Yellow lights illegal in Michigan

Mark K8MHZ, chief of Hamsexy’s Michigan Bureau, has sent us this e-mail regarding the situation of Yellow flashing lights in Michigan. He submitted this article for your consideration.

Thanks, Bryan. First, here’s a letter from Jim, K8COP – Fearless leader of our local ARES Group, Muskegon County ARES:

It has been brought to my attention that according to Michigan Compiled Law 257.698 amber flashing lights are not only illegal for ARES and RACES members to use, they are also illegal for use on Police and Fire vehicles in the State of Michigan. Amber lights are allowed only for certain vehicles such as snowplows, utility service vehicles, military vehicles, construction vehicles, vehicles such as the Red Cross’s ERV’s, school busses and others. Absolutely no provision is made for amber flashing lights to be used on personal vehicles engaged in volunteer emergency services.

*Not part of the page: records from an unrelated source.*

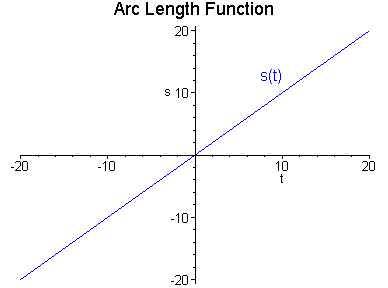 [Maple Plot]
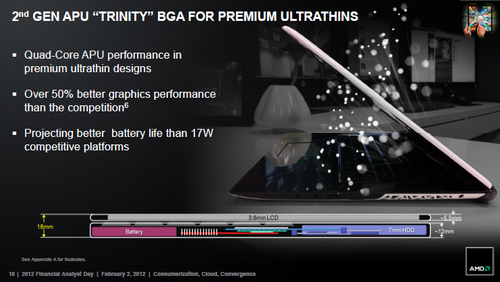 AMD Trinity: Doppelte Performance per Watt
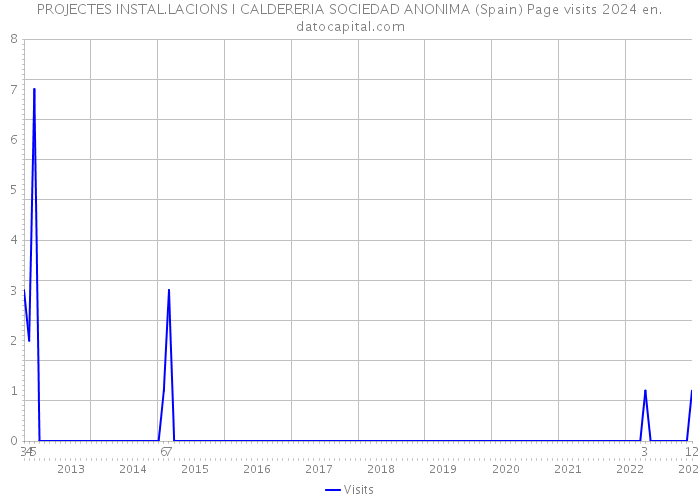 PROJECTES INSTAL.LACIONS I CALDERERIA SOCIEDAD ANONIMA (Spain) Page visits 2024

See this link for a chart of allowed and disallowed uses.

So, it seems that the bastion of Hamsexiness, our beloved amber guardian and luminous essence of authority, the ubiquitous yellow flashing light, is illegal. As such, they are NOT to be used for any purpose that the Muskegon County Amateur Radio Service (MCARES, please visit is called in for. In fact, the mere possession of the lights can be illegal. (Except for me, as I do public utility service.) Our EC, Norton Fire’s Lt. Joe Kinnucan, KC8MDJ, and our Skywarn Coordinator, Whitehall Police Officer James Durham, K8COP, cannot even legally posses this newly discovered form of contraband if either intends to use it contrary to the law. (I can just see Jim with a magnetic snowplow light on his car).

Here is Officer Durham’s take on the subject, which I agree with:

I have a current spreadsheet on the “Emergency Light” law if anyone would like a copy. It was compiled by the Michigan State Police, Traffic Services Division. It explains what colored lights can be used by each public safety agency. As for ambulances having the amber lights, that is a federal requirement that they must be equipped with it, and a Federal requirement over rides state law. I know first hand as I asked the same question when I first saw them being equipped with such. As for law enforcement that is in violation, I would contact the chief or sheriff of the agency involved and politely ask them why they are in violation of State Law.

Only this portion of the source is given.